This is great news:
The Ninth Circuit Court of Appeals ruled last Tuesday that Web loggers, website operators and e-mail list editors can’t be held responsible for libel for information they republish, extending crucial First Amendment protections to do-it-yourself online publishers.
Online free speech advocates praised the decision as a victory. The ruling effectively differentiates conventional news media, which can be sued relatively easily for libel, from certain forms of online communication such as moderated e-mail lists. One implication is that DIY publishers like bloggers cannot be sued as easily.

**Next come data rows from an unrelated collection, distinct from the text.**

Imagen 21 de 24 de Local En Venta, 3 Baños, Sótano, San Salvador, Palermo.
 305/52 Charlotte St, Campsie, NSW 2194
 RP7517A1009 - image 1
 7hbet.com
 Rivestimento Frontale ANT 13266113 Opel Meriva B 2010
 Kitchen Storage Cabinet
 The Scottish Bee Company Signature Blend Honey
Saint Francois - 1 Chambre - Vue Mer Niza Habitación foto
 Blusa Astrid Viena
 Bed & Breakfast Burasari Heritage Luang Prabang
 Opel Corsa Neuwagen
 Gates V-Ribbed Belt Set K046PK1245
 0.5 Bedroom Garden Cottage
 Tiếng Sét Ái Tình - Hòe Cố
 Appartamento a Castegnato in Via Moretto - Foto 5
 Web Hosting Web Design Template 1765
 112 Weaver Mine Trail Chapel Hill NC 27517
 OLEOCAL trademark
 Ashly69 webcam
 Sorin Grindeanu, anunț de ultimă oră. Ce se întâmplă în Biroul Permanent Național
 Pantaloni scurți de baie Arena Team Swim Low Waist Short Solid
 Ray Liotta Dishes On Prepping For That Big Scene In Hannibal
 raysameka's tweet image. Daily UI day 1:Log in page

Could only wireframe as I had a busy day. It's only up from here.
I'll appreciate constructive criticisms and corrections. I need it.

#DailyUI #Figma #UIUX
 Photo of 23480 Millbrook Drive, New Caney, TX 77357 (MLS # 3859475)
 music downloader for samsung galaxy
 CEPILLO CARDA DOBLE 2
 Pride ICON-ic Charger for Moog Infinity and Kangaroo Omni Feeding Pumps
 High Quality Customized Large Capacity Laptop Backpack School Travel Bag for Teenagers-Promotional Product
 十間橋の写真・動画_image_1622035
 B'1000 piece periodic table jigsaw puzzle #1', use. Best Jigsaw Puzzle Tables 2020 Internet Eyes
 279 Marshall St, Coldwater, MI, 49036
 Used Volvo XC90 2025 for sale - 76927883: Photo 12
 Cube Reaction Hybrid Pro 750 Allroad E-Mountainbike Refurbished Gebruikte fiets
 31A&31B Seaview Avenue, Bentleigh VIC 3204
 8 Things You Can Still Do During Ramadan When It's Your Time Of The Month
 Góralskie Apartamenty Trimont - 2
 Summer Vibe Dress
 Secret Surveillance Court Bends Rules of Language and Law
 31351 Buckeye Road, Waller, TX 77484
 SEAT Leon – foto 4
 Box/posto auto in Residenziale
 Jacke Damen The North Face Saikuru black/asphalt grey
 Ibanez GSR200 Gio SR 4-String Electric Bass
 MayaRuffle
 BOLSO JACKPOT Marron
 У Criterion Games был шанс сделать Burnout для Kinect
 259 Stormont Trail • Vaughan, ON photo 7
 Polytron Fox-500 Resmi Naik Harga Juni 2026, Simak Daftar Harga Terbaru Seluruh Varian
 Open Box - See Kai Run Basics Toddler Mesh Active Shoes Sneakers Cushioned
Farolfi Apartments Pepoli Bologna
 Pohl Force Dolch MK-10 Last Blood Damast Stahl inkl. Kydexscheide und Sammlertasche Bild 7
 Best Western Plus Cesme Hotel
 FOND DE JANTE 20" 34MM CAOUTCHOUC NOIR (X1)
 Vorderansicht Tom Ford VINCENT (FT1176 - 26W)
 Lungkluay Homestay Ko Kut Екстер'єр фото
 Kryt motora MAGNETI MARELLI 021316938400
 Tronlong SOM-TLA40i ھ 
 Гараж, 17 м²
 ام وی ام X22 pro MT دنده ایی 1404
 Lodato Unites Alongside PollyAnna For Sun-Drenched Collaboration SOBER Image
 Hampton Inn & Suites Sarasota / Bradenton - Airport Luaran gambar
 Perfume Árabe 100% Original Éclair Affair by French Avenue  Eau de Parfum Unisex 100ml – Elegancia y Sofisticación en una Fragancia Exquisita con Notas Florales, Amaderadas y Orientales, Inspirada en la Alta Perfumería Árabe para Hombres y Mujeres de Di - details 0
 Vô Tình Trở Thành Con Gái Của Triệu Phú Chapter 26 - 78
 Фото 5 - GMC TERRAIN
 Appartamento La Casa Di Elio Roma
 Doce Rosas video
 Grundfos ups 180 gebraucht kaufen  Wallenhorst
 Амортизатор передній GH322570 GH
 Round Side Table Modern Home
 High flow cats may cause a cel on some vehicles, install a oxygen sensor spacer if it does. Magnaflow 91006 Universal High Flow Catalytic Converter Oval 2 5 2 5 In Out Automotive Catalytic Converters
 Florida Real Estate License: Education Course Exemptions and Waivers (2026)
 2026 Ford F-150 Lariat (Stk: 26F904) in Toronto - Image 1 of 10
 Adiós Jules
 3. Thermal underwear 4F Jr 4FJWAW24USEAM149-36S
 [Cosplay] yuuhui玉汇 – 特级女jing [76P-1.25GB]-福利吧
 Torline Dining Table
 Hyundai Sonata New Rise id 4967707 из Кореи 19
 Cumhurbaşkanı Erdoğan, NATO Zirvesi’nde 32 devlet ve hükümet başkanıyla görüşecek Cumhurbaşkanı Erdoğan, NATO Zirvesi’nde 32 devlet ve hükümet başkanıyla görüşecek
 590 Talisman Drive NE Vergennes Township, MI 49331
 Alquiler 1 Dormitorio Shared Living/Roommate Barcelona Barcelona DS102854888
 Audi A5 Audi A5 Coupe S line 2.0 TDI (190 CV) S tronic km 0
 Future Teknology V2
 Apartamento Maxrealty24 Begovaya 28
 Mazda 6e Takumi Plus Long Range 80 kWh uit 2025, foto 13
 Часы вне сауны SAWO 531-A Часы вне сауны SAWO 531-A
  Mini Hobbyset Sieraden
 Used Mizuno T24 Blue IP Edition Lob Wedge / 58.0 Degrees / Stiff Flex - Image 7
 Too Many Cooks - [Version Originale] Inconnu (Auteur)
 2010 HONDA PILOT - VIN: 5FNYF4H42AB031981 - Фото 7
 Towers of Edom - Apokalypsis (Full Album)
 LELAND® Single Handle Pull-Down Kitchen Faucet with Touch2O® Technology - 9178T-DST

My understanding is that this protects me when I publish information that others had wrong- and all I need to do is when informed the information is wrong (which I do anyway), correct it? Am I reading this correctly, lawyers?
Jeff
I am not sure it is as clear as you have just stated. The opinion itself is located here(http://caselaw.lp.findlaw.com/data2/circs/9th/0156380p.pdf) The Court identified a number of hurdles that the defendant has to clear before he is immune from suit. For example, the court here made an inquiry as to whether the posted information was truly supplied by a third party (in which case it might trigger immunity from suit) or was in fact authored by the defendant himself. Likewise, if I sent you a private email containing defamatory material that I did not intend to be posted on balloon juice, it is possible that you could be liable if you chose to post it. Just some brief thoughts (I have not reviewed the entire opinion yet).
Mike the Analyst
Another good reason (besides the obvious one) to CREDIT YOUR SOURCES.